*Available records:*
============

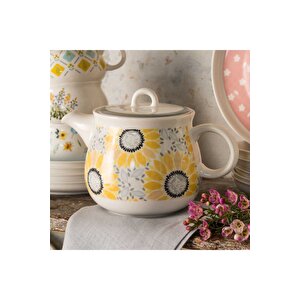 A8708 Aşiyan Collection 30 Parça Porselen Kahvaltı Takımı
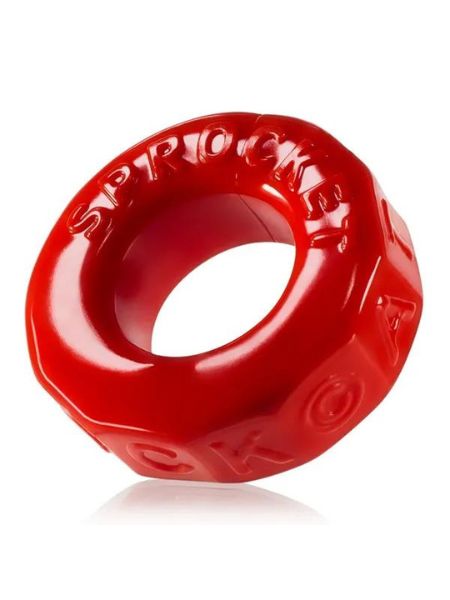 OXBALLS ATOMIC JOCK "SPROCKET" SUPER STRETCHY COCK RING 2.8 INCH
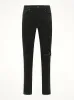 Waxed MX1 Jeans in Black Wax sold by MARAIS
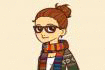 Jeu Hipster Girl
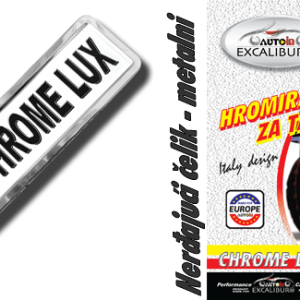 Hromirani Okvir Tablice | INOX - Komad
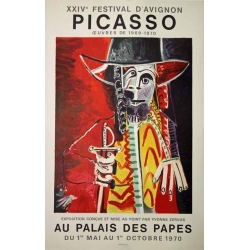 PICASSO XXIVe Festival d Avignon - Picasso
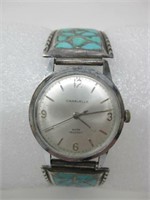 Sterling Silver Vintage Southwest Watch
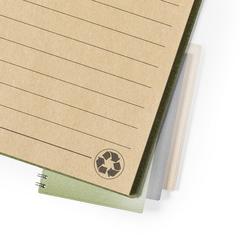 Vue générale Cahier Idina | Krokrodeal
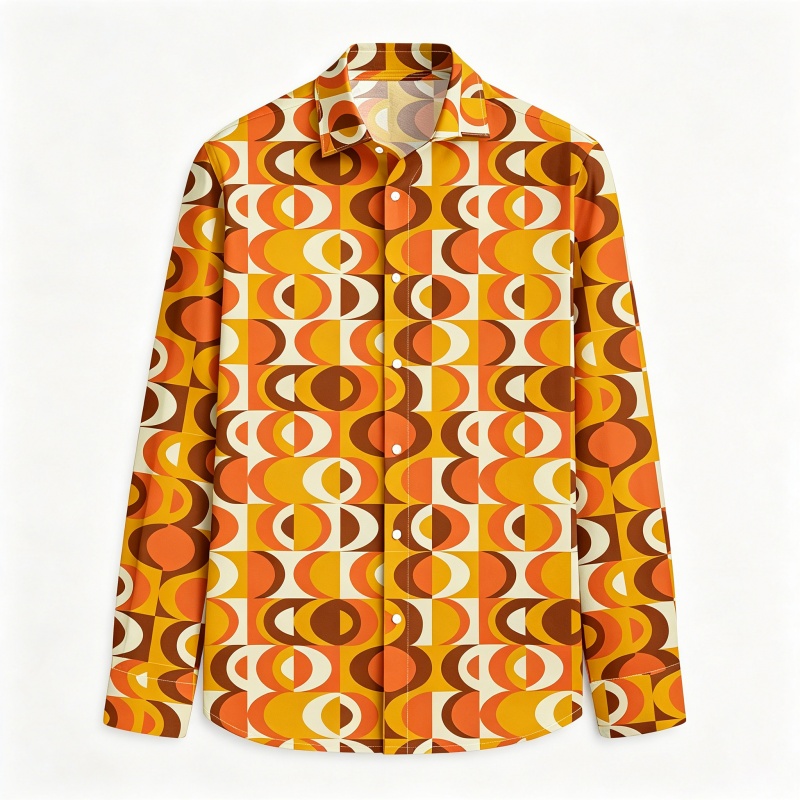 2026 New Fashion Men's Shirt P - Men'S Fashion Looks ulasan dan harga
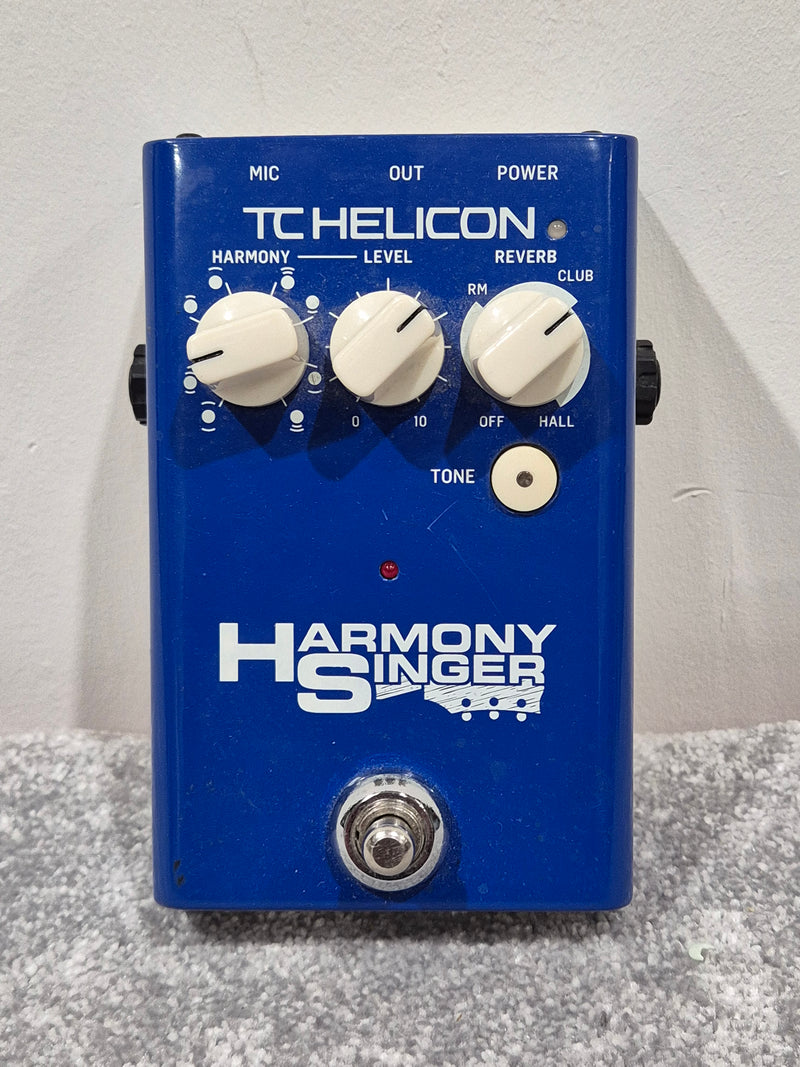 TC Helicon Harmony Singer 2 - Harmonies, Reverb and Adaptive Tone Effects Pedal w/ Original Box - Image 1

============

*What to work on:*
Repeat the records above exactly, from the first line through the line that contains "Vue générale Cahier Idina | Krokrodeal", and leave out the pictures.

*Task result:*
 A8708 Aşiyan Collection 30 Parça Porselen Kahvaltı Takımı
 OXBALLS ATOMIC JOCK "SPROCKET" SUPER STRETCHY COCK RING 2.8 INCH
 Waxed MX1 Jeans in Black Wax sold by MARAIS
 Jeu Hipster Girl
 Hromirani Okvir Tablice | INOX - Komad
 PICASSO XXIVe Festival d Avignon - Picasso
 Sterling Silver Vintage Southwest Watch
 Vue générale Cahier Idina | Krokrodeal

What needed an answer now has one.